Fréquence indéterminée :

délires*, troubles de la pensée*, état confusionnel, dépendance.

Des cas d'abus et de dépendance ont été décrits, plus fréquemment avec les formulations à libération immédiate (fréquence inconnue).

Affections du système nerveux

Très fréquent :

céphalée.

Fréquent :

vertige, dyskinésie, hyperactivité psychomotrice, somnolence.

Peu fréquent :

sédation, tremblements.

Très rare :

convulsions, mouvements choréo-athétosiques, déficit neurologique ischémique réversible.

Syndrome malin des neuroleptiques (SMN ; les cas étaient mal documentés et dans la plupart des cas, les patients prenaient également d'autres médicaments. Par conséquent, le rôle du méthylphénidate n'est pas clair).

Fréquence indéterminée :

troubles cérébrovasculaires* (y compris vascularite, hémorragies cérébrales, accidents vasculaires cérébraux, artérite cérébrale, occlusion cérébrale), convulsions de type grand mal*, migraine.

Affections oculaires

Peu fréquent :

diplopie, vision floue.

Rare :

difficultés d'accommodation, mydriase, trouble visuel.

Affections cardiaques

Fréquent :

arythmie, palpitations, tachycardie.

Peu fréquent :

douleur thoracique.

Rare :

angine de poitrine.

Très rare :

arrêt cardiaque, infarctus du myocarde.

Fréquence indéterminée :

tachycardie supra-ventriculaire, bradycardie, extrasystoles ventriculaires, extrasystoles.

Affections vasculaires*

Fréquent :

hypertension.

Très rare :

artérite cérébrale et/ou occlusion, extrémités froides, phénomène de Raynaud.
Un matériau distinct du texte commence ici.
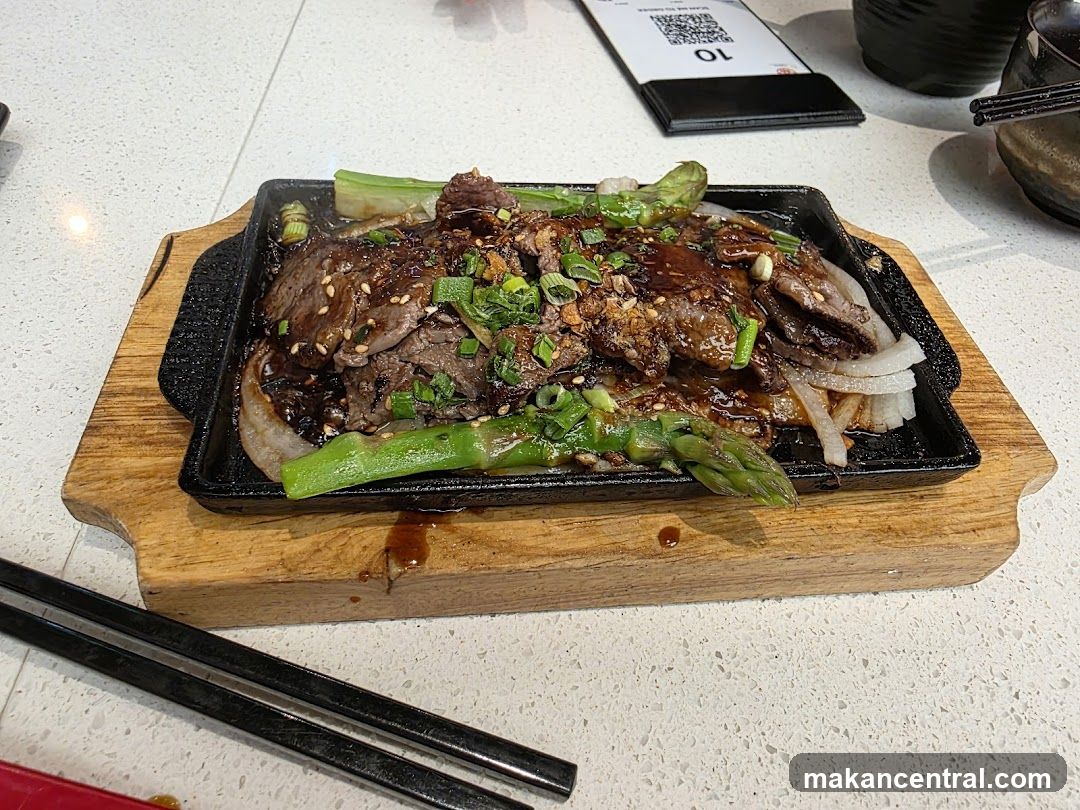 Sizzling Beef and Asparagus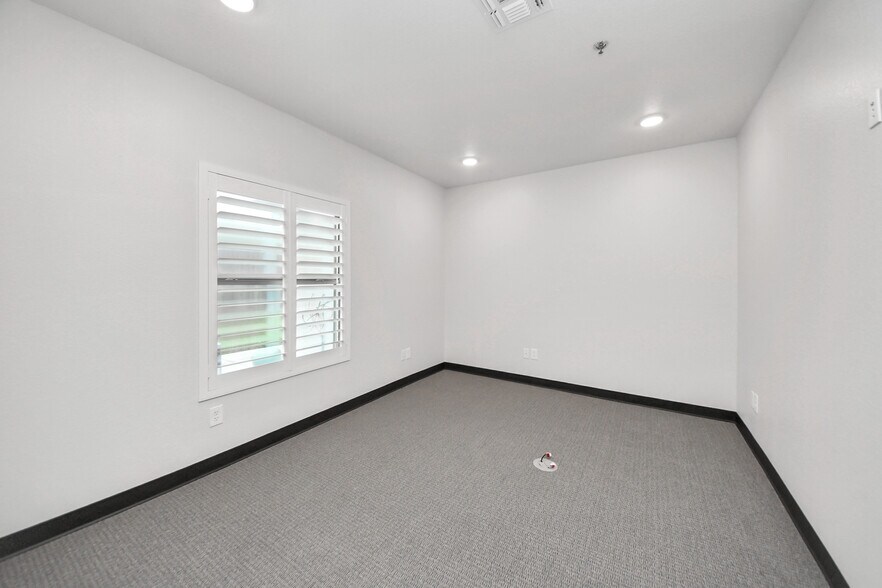 More Photos Of 6536 Greatwood Pky, Sugar Land Office For Sale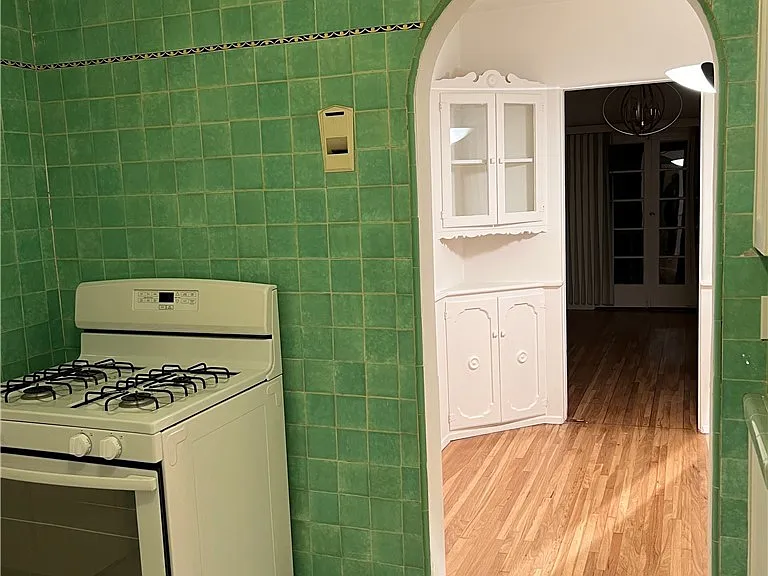 425 S Palm Dr — Photo 14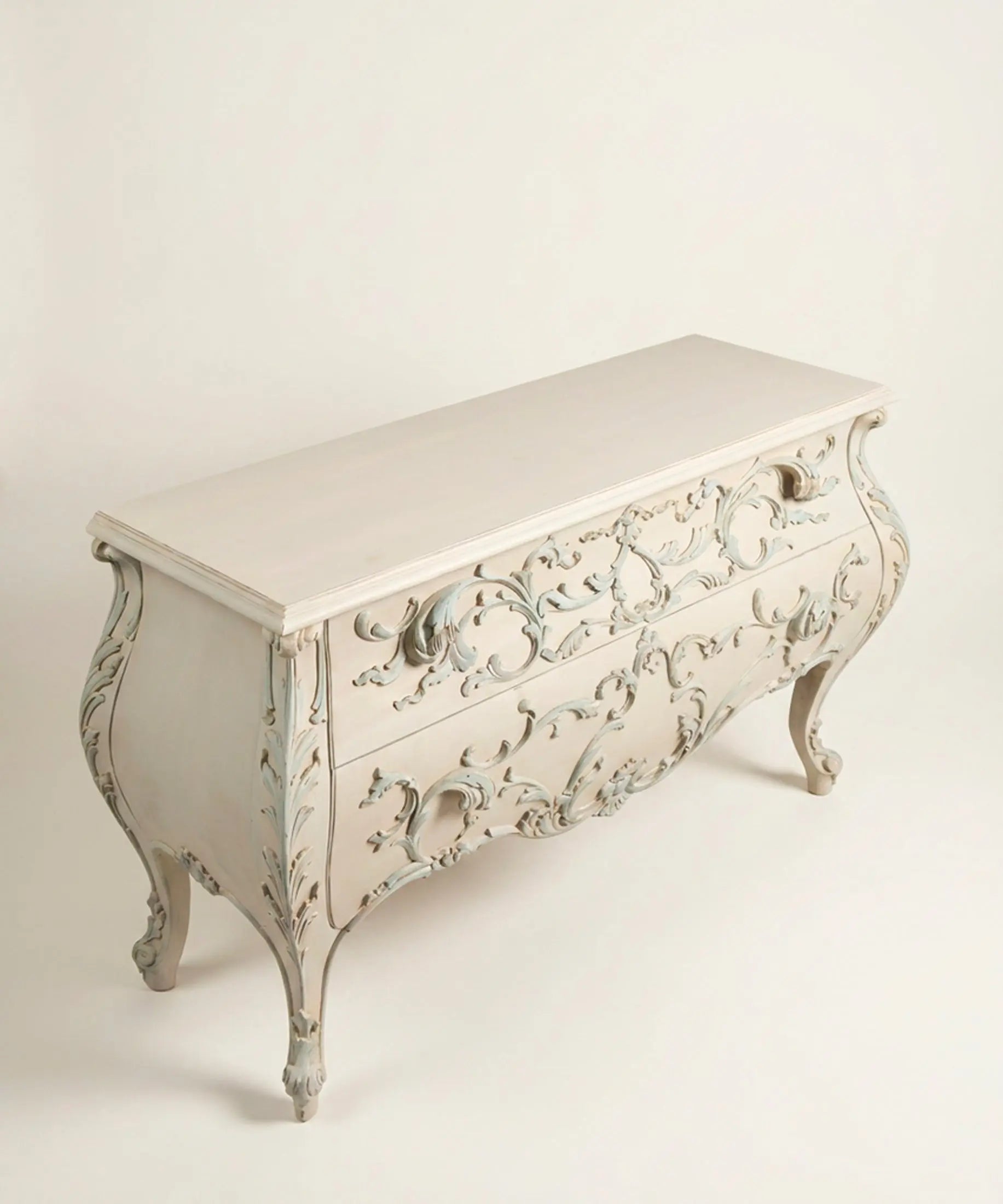 Vista superior cómoda bombé Luis XV con tablero y talla de acanto en decapé — Antique Arte y Decoración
Affections respiratoires, thoraciques et médiastinales

Fréquent :

toux, douleur pharyngolaryngée.

Peu fréquent :

dyspnée.

Affections gastro-intestinales

Fréquent :

douleurs abdominales, diarrhée, nausée, gêne épigastrique et vomissements, sécheresse buccale.

Peu fréquent :

constipation.

Affections hépatobiliaires

Peu fréquent :

élévations des enzymes hépatiques.

Très rare :

fonction hépatique anormale, y compris coma hépatique.
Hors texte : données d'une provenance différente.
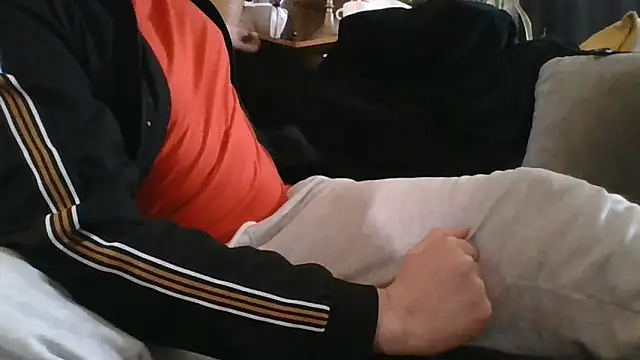 Titilouonlyf69 online show from April 1, 9:54 am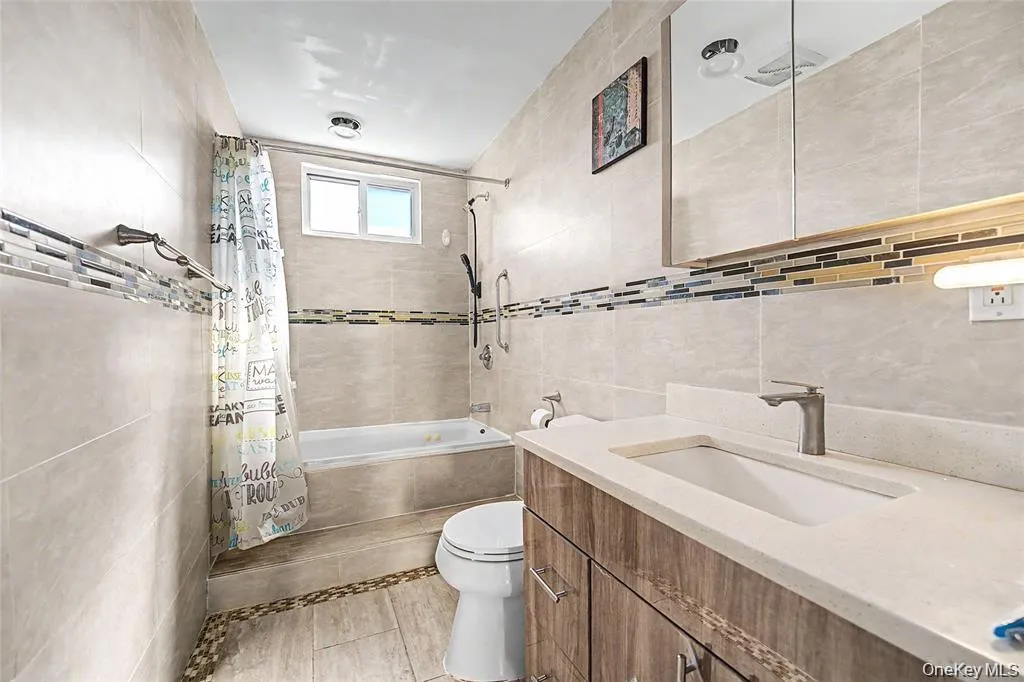253 Devonshire Drive, North Hempstead, NY, 5 Bedrooms Bedrooms, 10 Rooms Rooms,3 BathroomsBathrooms,Residential,For Rent,Devonshire,0,1007832 253 Devonshire Drive, North Hempstead, NY, 5 Bedrooms Bedrooms, 10 Rooms Rooms,3 BathroomsBathrooms,Residential,For Rent,Devonshire,0,1007832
Affections de la peau et des tissus sous-cutanés

Fréquent :

alopécie, prurit, rash, urticaire.

Peu fréquent :

oedème angioneurotique, réactions bulleuses, réactions exfoliatrices.

Rare :

hyperhidrose, éruption maculaire, érythème.

Très rare :

érythème polymorphe, dermatite exfoliatrice, érythème pigmenté fixe.
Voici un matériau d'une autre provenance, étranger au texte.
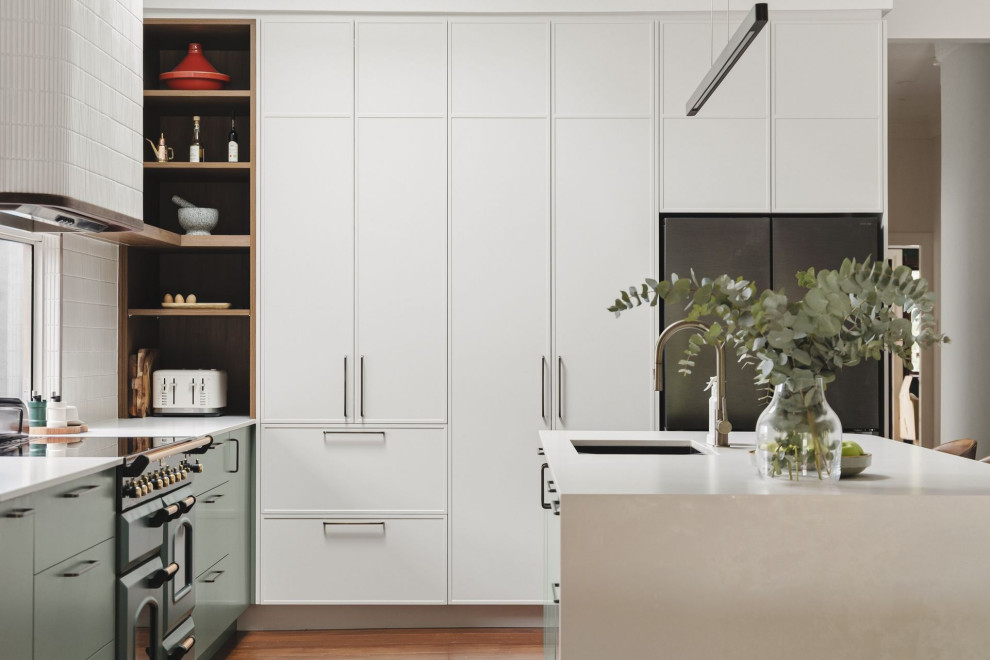 Midcentury kitchen in Perth.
Affections musculo-squelettiques et systémiques

Fréquent :

arthralgie.

Peu fréquent :

myalgie, secousses musculaires.

Très rare :

crampes musculaires.

Affections du rein et des voies urinaires

Peu fréquent :

hématurie.

Affections des organes de reproduction et du sein

Rare :

gynécomastie.

Troubles généraux et anomalies au site d'administration

Fréquent :

pyrexie, retard de croissance lors de traitements prolongés chez l'enfant*.

Peu fréquent :

douleur thoracique, fatigue.

Très rare :

mort subite d'origine cardiaque*.

Fréquence indéterminée :

gêne thoracique, hyperthermie

Investigations

Fréquent :

modifications de la pression artérielle et de la fréquence cardiaque (généralement une augmentation) *, perte de poids*.

Peu fréquent :

souffle cardiaque, augmentations des enzymes hépatiques.

Très rare :

augmentation de la phosphatase alcaline sanguine, augmentation de la bilirubine sanguine, diminution de la numération plaquettaire, numération leucocytaire anormale.